◆ Prompt
In the listing below, locate the line containing "Black long-sleeve shirt" and the line containing "Empty champagne flute". Output both of them and every line between, exactly as written, and nothing more.

◆ Material for the task
::::::::::

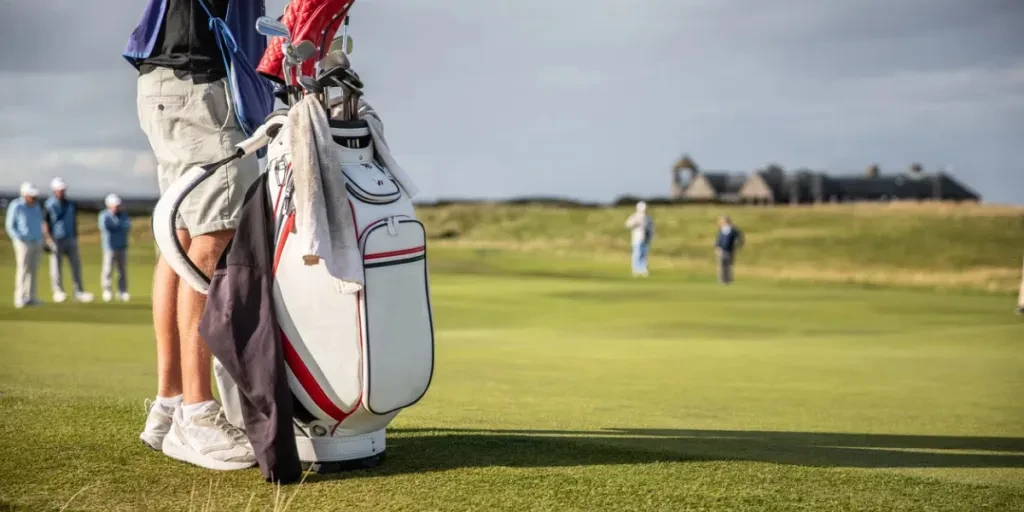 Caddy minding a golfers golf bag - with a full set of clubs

::::::::::

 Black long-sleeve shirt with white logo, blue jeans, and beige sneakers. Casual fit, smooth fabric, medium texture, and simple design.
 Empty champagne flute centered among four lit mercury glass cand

::::::::::

◆ The answer
 Black long-sleeve shirt with white logo, blue jeans, and beige sneakers. Casual fit, smooth fabric, medium texture, and simple design.
 Empty champagne flute centered among four lit mercury glass cand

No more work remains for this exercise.